Im Alter werden die Damen aber nur wenig männliche Gesellschaft haben. Das lehrt auch das Beispiel Schweden: Bis zum 60. Lebensjahr gibt es dort ähnlich viele Männer wie Frauen. Mit 80 kommen drei Frauen auf zwei Männer, mit 100 sind es gar sechs Frauen, die einem gleichaltrigen Mann gegenüberstehen. Paradoxerweise sind Männer im Alter gesünder als Frauen - die meisten Herren sterben aber früher.

Vaupel hat in Dutzenden Studien analysiert, wie alt Menschen werden und wie sie altern. Wissenschaftler hatten lange vermutet, dass es für jede Spezies eine feste maximale Lebensspanne geben würde und dass diese von den Menschen schon fast erreicht sei. Zudem nahmen die meisten Forscher an, dass es im hohen Alter vor allem eine Todesursache geben würde - das hohe Alter.

Das Dogma einer erblich vorgegebenen Lebensspanne ist nicht mehr so dominant. In Zwillingsstudien hat sich nicht bestätigt, dass identische Erbanlagen zu einer identischen Lebenserwartung führen.
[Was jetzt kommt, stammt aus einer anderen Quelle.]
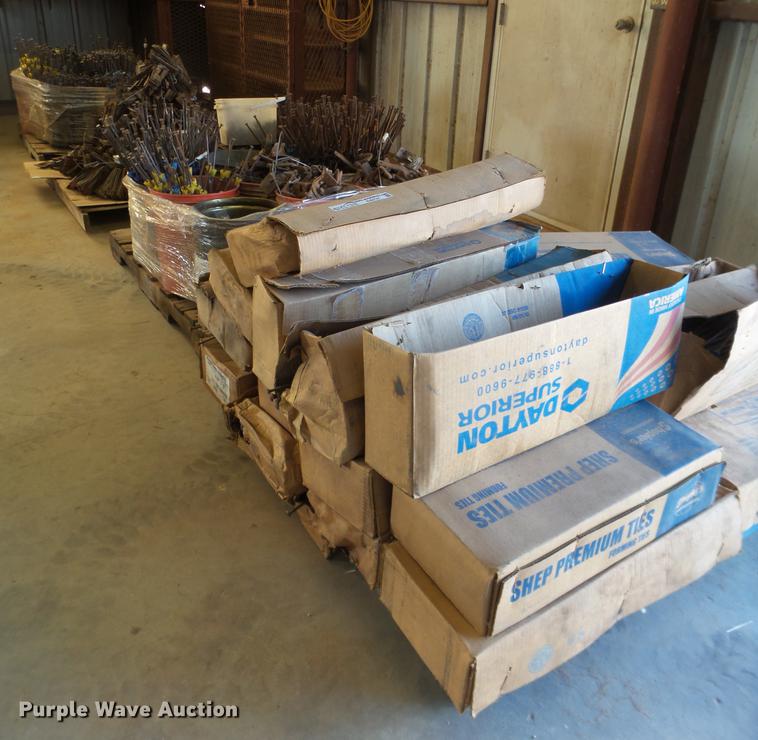 image for item EI9737 Form ties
Genetische Faktoren haben wohl nur zu etwa 25 Prozent Einfluss auf die Lebenserwartung. Die Lebensumstände und das Gesundheitsverhalten sind weitaus prägender. Zudem verfügt der Mensch - anders als etwa der Fadenwurm - auch nicht über ein "Alters-gen". Hunderte wenn nicht Tausende Genorte haben einen je minimalen Anteil daran, wenn Menschen vor oder nach der statistischen Lebenserwartung ihrer Altersgruppe sterben. Der Rat des Arztes und Schriftstellers Oliver Wendell Holmes (1809-1894) an Menschen, die alt werden wollen, sich "per Anzeige um ein Paar Eltern zu bemühen, die aus einer langlebigen Familie stammen", kann jedenfalls als überholt gelten.

Anders als von Gesundheitspolitikern oft angegeben, um steigende medizinische Kosten zu rechtfertigen, steigt mit zunehmendem Alter nicht automatisch die Dauer der Gebrechlichkeit. "Wir leben länger, weil die Menschen in besserer Gesundheit alt werden", sagt Vaupel. "Der körperliche und geistige Verfall wird nach hinten verlagert und nicht ausgedehnt." Wenn der Prozess der Hinfälligkeit beginnt, scheint er aber in ähnlicher Geschwindigkeit und Intensität voranzuschreiten wie vor Jahrzehnten. Besonders Herz-Kreislauf-Erkrankungen und Demenzen nehmen dann zu.

Wüssten die Menschen, dass viele von ihnen vermutlich 100 Jahre oder älter werden und sie davon 90 oder 95 Jahre in geistig und körperlich regem Zustand verbringen können, würde ihre Lebensplanung wohl anders aussehen. Gerade in Ländern mit hoher Lebenserwartung arbeiten die Menschen in der Zeit hart, in der sie Kinder bekommen und sich mit ihnen beschäftigen könnten. Im Ruhestand haben sie zwar viel Zeit, aber dann brauchen oder wollen die Kinder sie nicht mehr.